Using the US example, V_phase is 208V and I_phase is 24A. This leads to the overall 3-phase power to be 8646W (√3 x 208V x 24A) or 8.6kW. There lies the biggest advantage for using 3-phase systems. Adding 2 sets of coils and wires (ignoring the neutral wire), we’ve turned a generator that can produce √3 or 1.7 times more power!

Dealing with 3-phase

The derivation in the section above assumes that the magnitude at all three phases is equal, but we know in practice that's not always the case. In fact, it's barely ever. We rarely have servers and switches evenly distributed across all three branches on a PDU. Each machine may have different loads and different specs, so power could be wildly different, potentially causing a dramatic phase imbalance. Having a heavily imbalanced setup could potentially hinder the PDU's available capacity.
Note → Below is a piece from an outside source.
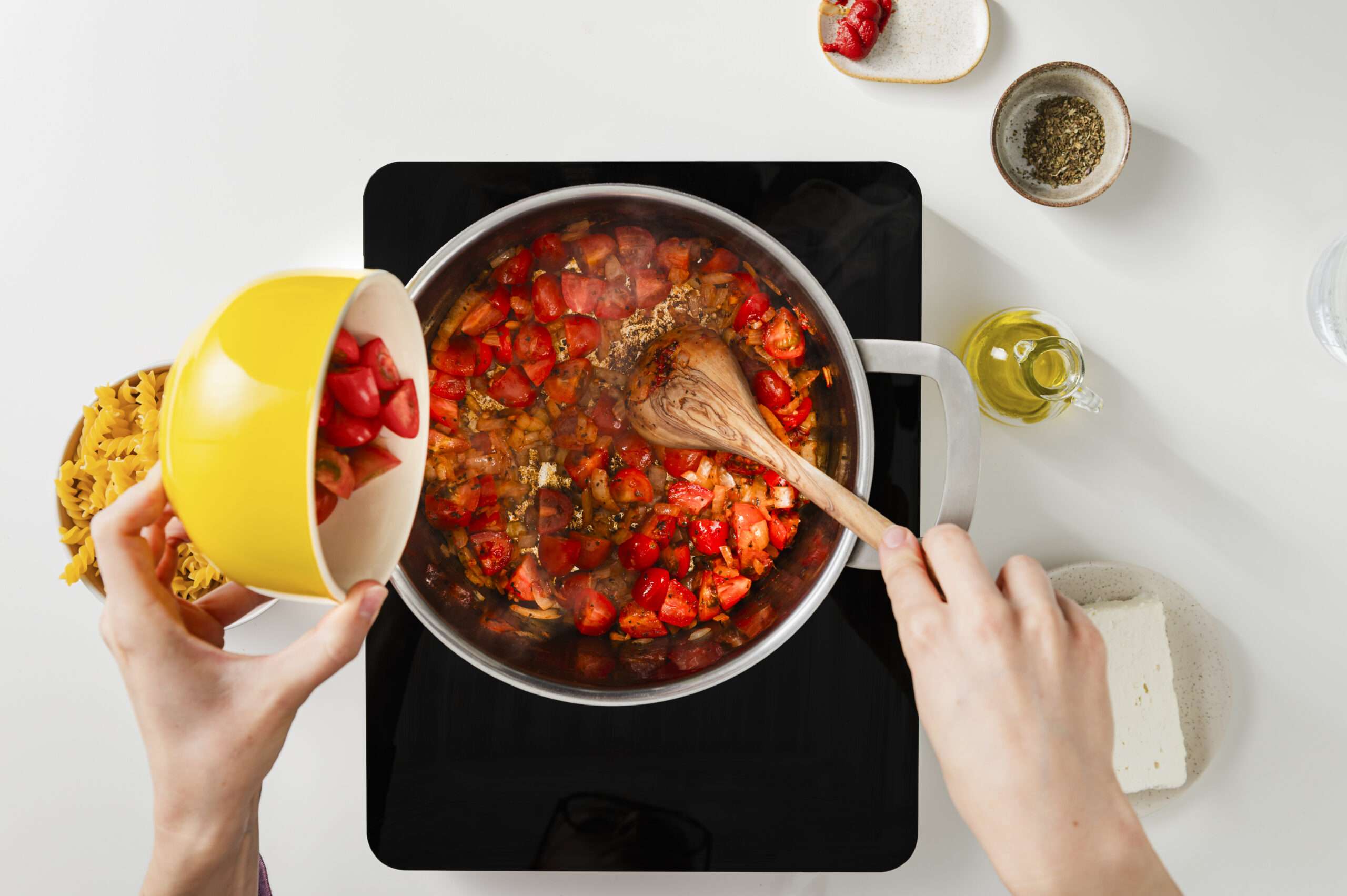 Feta-Tomaten-Pasta-Rezept-Schritt-3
A perfectly balanced and fully utilized PDU at 8.6kW means that each of its three branches has 2.88kW of power consumed by machines. Laid out simply, it's spread 2.88 + 2.88 + 2.88. This is the best case scenario. If we were to take 1kW worth of machines out of one branch, spreading power to 2.88 + 1.88 + 2.88. Imbalance is introduced, the PDU is underutilized, but we're fine. However, if we were to put back that 1kW into another branch — like 3.88 + 1.88 + 2.88 — the PDU is over capacity, even though the sum is still 8.6kW. In fact, it would be over capacity even if you just added 500W instead of 1kW on the wrong branch, thus reaching 3.18 + 1.88 + 2.88 (8.1kW).

That's because a 8.6kW PDU is spec'd to have a maximum of 24A for each phase current. Overloading one of the branches can force phase currents to go over 24A. Theoretically, we can reach the PDU’s capacity by loading one branch until its current reaches 24A and leave the other two branches unused. That’ll render it into a 1-phase PDU, losing the benefit of the √3 multiplier. In reality, the branch would have fuses rated less than 24A (usually 20A) to ensure we won't reach that high and cause overcurrent issues. Therefore the same 8.6kW PDU would have one of its branches tripped at 4.2kW (208V x 20A).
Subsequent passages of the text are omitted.